Zehn Jahre später haben Tierstudien bestätigt, dass das Essen von Männern die Nachkommen beeinflusst. Männliche Fastenratten produzierten Welpen mit weniger Blutzucker und veränderten Corticosteronspiegeln (die vor Stress schützen) und Insulin-ähnlichem Wachstumsfaktor 1 (der die Entwicklung von Kindern unterstützt).
Einwohner Südostasiens, die Catechu (Bethelpalme) kauen, der Chemikalien enthält, die den Stoffwechsel beeinflussen, haben mit größerer Wahrscheinlichkeit ein Baby mit abnormalem Körpergewicht und Herzerkrankungen. Tierstudien haben gezeigt, dass dieser Effekt auf Enkelkinder ausgedehnt werden kann.

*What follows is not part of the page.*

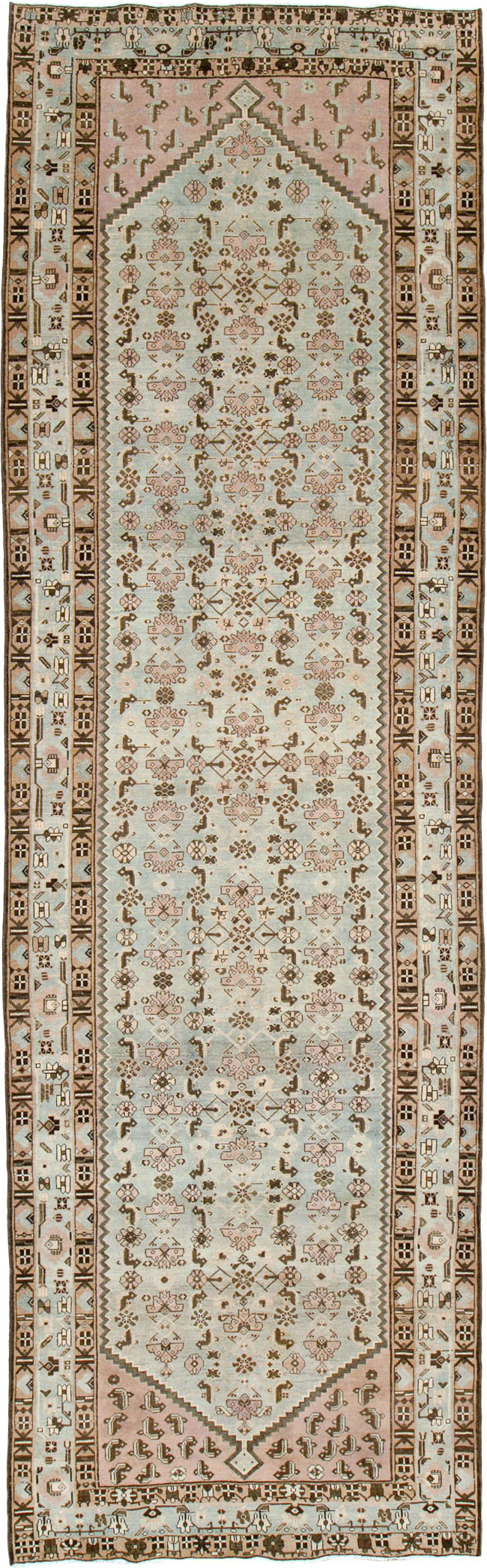 Vintage Persian Malayer Wide Gallery Runner, No.26573 - Gsblank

Noch bizarrer wirken sich Giftstoffe auf Enkel und Urenkel aus. Vinclosin (ein Fungizid, das einst in ganz Amerika gesprüht wurde) ist als endokriner Disruptor bekannt: Es blockiert die Testosteronproduktion. Männliche Ratten, deren Mütter am Ende der Trächtigkeit eine Dosis dieser Substanz erhielten, wurden häufig mit Hodendefekten und geringeren Nachkommenschancen geboren. Dieser Effekt ist seit vier Generationen spürbar.